Aim of the task: Every line of the material is to be transcribed verbatim, with images omitted.
─── Data excerpt
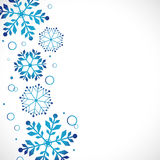 Snow Background Illustration Royalty Free Stock Photography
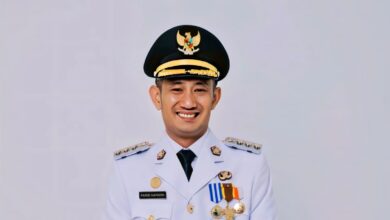 Wali Kota Palangka Raya, Fairid Naparin.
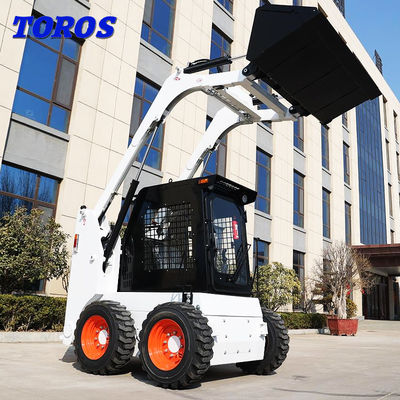 Multipurpose-Präzisions-Mini-Skid-Steer-Lader für Abrissprojekte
──────
Exercise output:
 Snow Background Illustration Royalty Free Stock Photography
 Wali Kota Palangka Raya, Fairid Naparin.
 Multipurpose-Präzisions-Mini-Skid-Steer-Lader für Abrissprojekte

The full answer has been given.